**Records provided:**

════

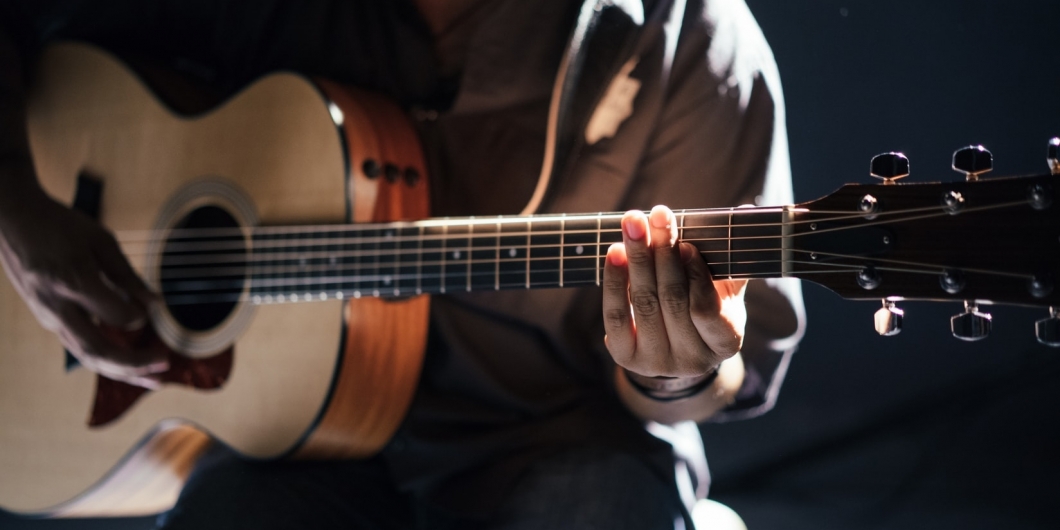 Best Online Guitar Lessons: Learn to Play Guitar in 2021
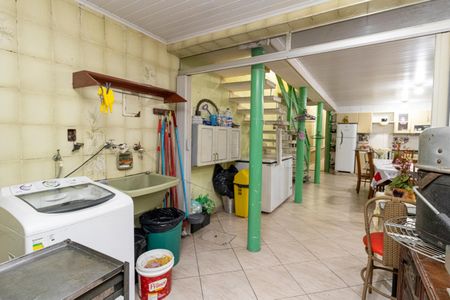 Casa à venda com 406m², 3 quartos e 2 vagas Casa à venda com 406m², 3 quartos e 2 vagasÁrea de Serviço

════

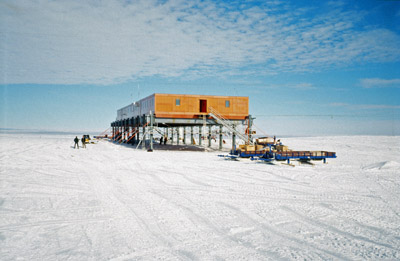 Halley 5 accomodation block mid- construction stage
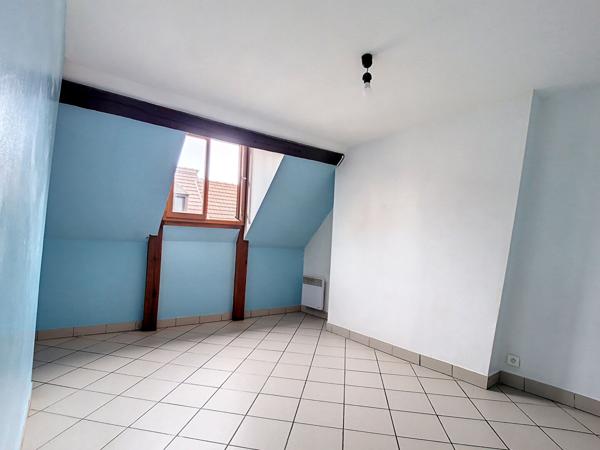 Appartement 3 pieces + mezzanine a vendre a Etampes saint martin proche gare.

════

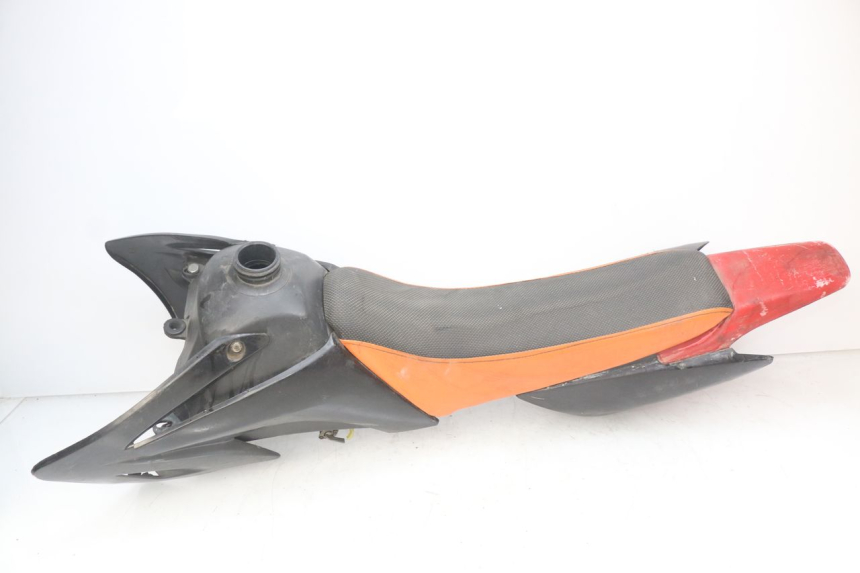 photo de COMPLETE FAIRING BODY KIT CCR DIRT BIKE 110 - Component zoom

════

**Problem description:** Go back to the lines above and output, exactly as they stand, the ones from the line containing "Best Online Guitar" to the line containing "Casa à venda com 406m², 3 quartos e 2 vagas Casa". Leave all pictures behind.

**Finished exercise:**
 Best Online Guitar Lessons: Learn to Play Guitar in 2021
 Casa à venda com 406m², 3 quartos e 2 vagas Casa à venda com 406m², 3 quartos e 2 vagasÁrea de Serviço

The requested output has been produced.